Recently we published the first study of safety and efficacy of same-day administration of pegfilgrastim in patients receiving chemotherapy for gastrointestinal malignancies [16]. In the current study, we present here the first study to analyze safety and efficacy of administering pegfilgrastim on the same day as capecitabine-based regimens in patients with GI malignancies.

METHODS

A retrospective study was performed of patients with GI malignancies who received pegfilgrastim concurrently with a capecitabine-based chemotherapy regimen, including XELOX, EOX, ECX, XELIRI, MIXE, gemcitabine-capecitabine (Gem-Cap). Patients were treated from January 2014 through January 2020 and received pegfilgrastim within 1 hour of completion of chemotherapy. The decision to administer pegfilgrastim was based on ASCO or NCCN guidelines [17,18]. Patients had an average of 4 risk factors for febrile neutropenia: advanced disease, age >65, and gender, and chemotherapy regimen. As per institutional guidelines, patients were counseled on risks of same-day pegfilgrastim prior to its administration.
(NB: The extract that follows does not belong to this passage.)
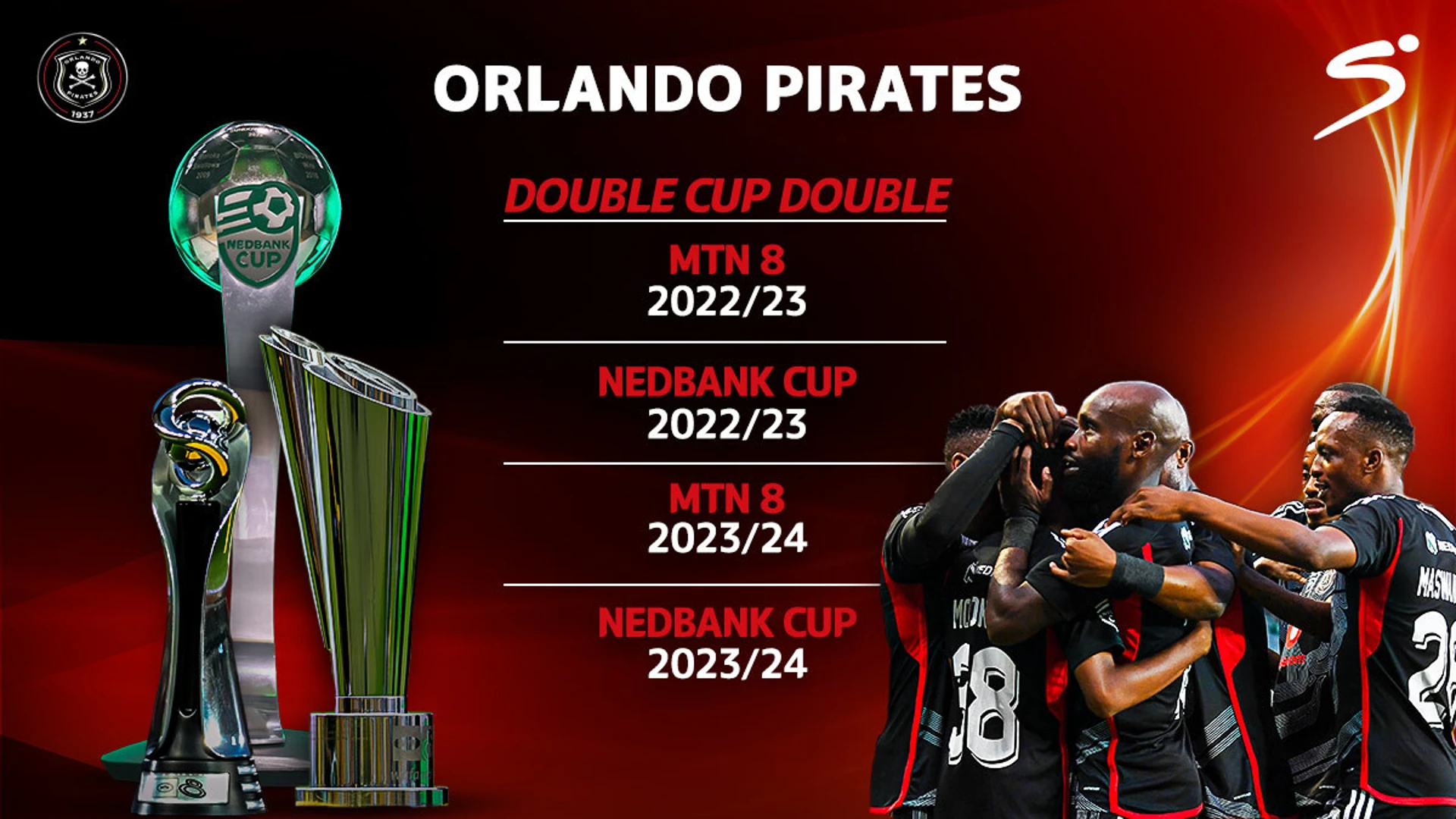 Pirates cup double in historic perspective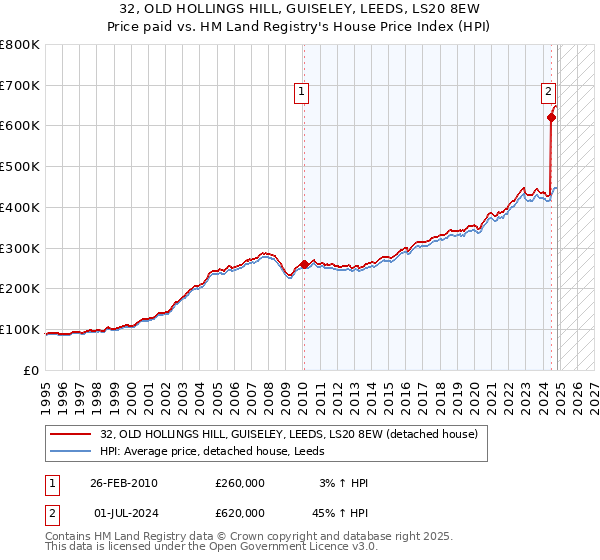 32, OLD HOLLINGS HILL, GUISELEY, LEEDS, LS20 8EW: Price paid vs HM Land Registry's House Price Index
Information was obtained exclusively through review of individual electronic medical records to determine the degree of neutropenia and toxicity. Data collected included patient demographics, pathology reports, blood counts (drawn on days 8, 15 or 21 days according to the chemotherapy regimen), incidence of neutropenia, febrile neutropenia, hospitalization, use of antibiotics, bone pain, toxicity, chemotherapy regimen, chemotherapy dose, and day of pegfilgrastim administration.

RESULTS

Patient Demographics

A total of 914 chemotherapy cycles in 157 unique patients who received same-day pegfilgrastim with concurrent capecitabine-based chemotherapy were analyzed. Median patient age was 64 years (range 53–91) and 70% of patients were over 65. Included patients had an average of four risk factors for febrile neutropenia including advanced disease, gender, age over 65 and chemotherapy regimen.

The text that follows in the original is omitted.